───── SOURCE INFORMATION

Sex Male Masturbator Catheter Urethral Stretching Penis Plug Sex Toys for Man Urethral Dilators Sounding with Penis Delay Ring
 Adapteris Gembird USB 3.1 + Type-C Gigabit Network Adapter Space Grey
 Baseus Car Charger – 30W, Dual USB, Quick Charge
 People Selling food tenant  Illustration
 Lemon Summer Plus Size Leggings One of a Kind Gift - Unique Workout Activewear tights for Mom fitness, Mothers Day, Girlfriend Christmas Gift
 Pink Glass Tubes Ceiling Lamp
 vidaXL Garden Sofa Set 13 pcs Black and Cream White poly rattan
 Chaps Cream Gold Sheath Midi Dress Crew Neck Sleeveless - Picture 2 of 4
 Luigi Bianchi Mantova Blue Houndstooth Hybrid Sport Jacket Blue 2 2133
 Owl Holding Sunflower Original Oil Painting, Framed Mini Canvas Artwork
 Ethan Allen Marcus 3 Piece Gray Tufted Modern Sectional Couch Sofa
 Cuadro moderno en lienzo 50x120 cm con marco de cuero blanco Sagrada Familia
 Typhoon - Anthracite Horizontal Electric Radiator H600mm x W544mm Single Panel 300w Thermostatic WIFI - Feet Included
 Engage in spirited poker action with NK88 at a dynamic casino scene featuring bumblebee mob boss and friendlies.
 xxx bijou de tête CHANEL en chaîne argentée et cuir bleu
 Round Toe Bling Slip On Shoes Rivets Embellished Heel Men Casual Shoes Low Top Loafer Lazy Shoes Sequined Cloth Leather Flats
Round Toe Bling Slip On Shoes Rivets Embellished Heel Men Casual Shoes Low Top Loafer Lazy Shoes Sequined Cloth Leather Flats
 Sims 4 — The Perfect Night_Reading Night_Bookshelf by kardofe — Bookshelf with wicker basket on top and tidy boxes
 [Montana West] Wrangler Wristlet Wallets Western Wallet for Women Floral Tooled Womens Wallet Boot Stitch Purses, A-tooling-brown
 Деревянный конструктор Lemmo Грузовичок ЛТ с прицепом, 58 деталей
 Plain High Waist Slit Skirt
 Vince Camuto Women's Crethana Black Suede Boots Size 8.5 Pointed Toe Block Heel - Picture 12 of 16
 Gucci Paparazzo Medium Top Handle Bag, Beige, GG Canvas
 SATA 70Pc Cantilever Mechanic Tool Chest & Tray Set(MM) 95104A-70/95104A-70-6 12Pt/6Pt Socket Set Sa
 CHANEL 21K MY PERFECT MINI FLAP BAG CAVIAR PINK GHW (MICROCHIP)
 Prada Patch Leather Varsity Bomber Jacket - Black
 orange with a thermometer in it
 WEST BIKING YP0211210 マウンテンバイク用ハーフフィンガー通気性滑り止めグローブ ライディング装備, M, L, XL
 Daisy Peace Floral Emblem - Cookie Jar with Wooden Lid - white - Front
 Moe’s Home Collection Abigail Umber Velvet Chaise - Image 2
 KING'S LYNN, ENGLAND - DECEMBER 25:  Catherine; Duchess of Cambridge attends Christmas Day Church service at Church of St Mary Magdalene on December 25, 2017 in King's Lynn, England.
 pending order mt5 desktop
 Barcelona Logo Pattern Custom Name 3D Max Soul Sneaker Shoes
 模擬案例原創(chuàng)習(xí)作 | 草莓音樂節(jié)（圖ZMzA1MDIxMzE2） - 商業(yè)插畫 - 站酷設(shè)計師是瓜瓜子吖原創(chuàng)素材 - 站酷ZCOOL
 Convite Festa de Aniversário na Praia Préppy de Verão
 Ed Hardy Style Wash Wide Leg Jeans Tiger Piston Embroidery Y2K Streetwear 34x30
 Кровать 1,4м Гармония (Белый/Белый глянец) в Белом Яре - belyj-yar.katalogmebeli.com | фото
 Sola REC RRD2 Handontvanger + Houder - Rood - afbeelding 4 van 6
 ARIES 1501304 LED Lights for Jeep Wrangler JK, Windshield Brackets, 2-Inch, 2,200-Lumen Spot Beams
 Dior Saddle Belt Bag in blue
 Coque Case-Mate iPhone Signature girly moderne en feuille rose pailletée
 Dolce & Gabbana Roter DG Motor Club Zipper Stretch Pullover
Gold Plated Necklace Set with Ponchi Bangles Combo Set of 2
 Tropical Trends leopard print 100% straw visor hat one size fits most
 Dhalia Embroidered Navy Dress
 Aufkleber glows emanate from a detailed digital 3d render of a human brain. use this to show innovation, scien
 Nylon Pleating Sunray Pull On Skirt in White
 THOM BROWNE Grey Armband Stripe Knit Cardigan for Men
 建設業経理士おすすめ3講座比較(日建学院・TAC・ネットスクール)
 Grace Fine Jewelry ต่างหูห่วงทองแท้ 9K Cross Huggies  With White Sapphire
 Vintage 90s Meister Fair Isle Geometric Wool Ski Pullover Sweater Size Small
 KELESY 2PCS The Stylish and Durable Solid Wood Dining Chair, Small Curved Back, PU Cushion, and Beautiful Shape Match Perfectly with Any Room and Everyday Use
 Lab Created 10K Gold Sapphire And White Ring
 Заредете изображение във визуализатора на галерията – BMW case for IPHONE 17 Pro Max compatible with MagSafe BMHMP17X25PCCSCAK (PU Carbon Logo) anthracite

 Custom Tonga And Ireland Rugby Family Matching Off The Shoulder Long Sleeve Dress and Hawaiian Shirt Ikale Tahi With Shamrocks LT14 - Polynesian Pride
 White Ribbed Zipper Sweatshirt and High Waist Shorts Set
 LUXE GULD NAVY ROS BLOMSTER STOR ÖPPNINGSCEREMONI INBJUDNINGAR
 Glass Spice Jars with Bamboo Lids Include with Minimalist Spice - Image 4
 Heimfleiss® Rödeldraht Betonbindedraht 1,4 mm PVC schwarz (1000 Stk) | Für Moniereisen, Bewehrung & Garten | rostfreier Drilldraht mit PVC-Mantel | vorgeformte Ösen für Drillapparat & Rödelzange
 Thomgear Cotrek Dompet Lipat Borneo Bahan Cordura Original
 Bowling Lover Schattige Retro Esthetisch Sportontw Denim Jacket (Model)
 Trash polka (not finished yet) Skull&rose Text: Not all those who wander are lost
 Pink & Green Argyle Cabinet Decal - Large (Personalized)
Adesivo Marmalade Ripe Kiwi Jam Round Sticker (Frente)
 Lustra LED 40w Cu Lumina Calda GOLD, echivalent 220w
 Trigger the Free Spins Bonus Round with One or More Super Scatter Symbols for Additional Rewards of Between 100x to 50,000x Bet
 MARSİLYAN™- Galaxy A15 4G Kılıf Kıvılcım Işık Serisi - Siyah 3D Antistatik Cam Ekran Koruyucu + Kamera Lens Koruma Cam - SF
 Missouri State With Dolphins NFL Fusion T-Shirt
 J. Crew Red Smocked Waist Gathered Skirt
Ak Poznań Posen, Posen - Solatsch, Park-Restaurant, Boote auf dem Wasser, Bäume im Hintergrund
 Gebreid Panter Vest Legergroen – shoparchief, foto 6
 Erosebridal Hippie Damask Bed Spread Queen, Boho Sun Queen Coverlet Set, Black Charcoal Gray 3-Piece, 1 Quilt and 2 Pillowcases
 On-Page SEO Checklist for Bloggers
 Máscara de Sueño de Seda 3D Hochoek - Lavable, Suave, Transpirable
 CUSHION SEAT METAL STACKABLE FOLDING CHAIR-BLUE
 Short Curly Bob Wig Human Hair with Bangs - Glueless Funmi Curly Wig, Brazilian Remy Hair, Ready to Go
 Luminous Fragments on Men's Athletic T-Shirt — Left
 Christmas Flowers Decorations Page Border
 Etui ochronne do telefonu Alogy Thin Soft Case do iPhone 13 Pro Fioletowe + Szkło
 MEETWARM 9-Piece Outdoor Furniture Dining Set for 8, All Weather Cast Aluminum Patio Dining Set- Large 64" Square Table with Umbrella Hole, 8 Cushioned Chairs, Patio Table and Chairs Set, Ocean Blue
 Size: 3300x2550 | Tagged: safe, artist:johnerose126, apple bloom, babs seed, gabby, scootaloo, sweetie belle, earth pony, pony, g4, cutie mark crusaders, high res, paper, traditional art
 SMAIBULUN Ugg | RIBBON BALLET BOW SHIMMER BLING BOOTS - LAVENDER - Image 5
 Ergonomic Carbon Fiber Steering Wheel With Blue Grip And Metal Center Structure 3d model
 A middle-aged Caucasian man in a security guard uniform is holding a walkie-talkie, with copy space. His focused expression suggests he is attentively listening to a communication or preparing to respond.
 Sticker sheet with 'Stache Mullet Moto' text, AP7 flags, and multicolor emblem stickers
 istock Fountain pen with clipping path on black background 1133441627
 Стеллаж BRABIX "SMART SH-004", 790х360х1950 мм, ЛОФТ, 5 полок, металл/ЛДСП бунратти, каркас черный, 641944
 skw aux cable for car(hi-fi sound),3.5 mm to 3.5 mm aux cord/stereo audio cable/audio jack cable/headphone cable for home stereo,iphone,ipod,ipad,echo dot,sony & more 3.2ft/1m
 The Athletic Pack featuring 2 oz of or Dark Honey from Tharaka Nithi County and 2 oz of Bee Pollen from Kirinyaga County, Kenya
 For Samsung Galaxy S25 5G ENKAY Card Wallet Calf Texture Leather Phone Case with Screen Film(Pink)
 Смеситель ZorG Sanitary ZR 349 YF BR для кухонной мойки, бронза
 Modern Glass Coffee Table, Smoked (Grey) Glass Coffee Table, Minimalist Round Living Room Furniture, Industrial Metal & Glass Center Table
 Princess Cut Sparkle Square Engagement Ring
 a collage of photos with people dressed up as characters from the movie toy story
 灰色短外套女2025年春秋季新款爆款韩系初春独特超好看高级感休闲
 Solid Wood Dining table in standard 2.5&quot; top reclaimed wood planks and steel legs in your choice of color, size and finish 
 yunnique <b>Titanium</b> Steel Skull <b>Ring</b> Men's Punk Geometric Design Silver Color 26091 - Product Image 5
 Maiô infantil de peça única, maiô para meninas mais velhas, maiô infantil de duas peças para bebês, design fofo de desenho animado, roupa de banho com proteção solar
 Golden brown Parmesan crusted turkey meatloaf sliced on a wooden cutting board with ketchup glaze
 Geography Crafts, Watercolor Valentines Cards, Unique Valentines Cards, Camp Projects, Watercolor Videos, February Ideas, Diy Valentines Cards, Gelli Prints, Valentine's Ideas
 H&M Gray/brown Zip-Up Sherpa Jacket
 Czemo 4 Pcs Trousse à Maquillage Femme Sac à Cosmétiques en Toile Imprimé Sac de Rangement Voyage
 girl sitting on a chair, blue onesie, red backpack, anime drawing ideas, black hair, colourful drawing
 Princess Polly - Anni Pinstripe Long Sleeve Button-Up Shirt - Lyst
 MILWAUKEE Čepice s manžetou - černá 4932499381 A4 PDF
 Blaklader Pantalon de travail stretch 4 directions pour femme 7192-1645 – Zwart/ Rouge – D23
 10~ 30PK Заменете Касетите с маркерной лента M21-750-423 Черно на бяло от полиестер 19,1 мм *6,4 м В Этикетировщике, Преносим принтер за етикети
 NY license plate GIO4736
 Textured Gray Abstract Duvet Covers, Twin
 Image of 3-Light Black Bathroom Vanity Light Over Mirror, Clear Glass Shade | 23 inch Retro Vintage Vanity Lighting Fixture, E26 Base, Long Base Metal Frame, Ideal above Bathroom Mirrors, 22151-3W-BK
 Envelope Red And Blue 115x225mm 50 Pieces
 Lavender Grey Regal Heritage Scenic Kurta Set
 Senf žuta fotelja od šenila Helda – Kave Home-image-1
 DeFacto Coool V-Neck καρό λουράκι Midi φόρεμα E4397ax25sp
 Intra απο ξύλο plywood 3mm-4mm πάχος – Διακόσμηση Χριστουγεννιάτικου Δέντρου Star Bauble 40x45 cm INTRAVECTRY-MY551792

──────────

> **TASK**: What you give back must be the stretch above, starting at the line with "Custom Tonga And" and ending at the line with "Bowling Lover Schattige", copied exactly.

> **RESPONSE AREA**:
 Custom Tonga And Ireland Rugby Family Matching Off The Shoulder Long Sleeve Dress and Hawaiian Shirt Ikale Tahi With Shamrocks LT14 - Polynesian Pride
 White Ribbed Zipper Sweatshirt and High Waist Shorts Set
 LUXE GULD NAVY ROS BLOMSTER STOR ÖPPNINGSCEREMONI INBJUDNINGAR
 Glass Spice Jars with Bamboo Lids Include with Minimalist Spice - Image 4
 Heimfleiss® Rödeldraht Betonbindedraht 1,4 mm PVC schwarz (1000 Stk) | Für Moniereisen, Bewehrung & Garten | rostfreier Drilldraht mit PVC-Mantel | vorgeformte Ösen für Drillapparat & Rödelzange
 Thomgear Cotrek Dompet Lipat Borneo Bahan Cordura Original
 Bowling Lover Schattige Retro Esthetisch Sportontw Denim Jacket (Model)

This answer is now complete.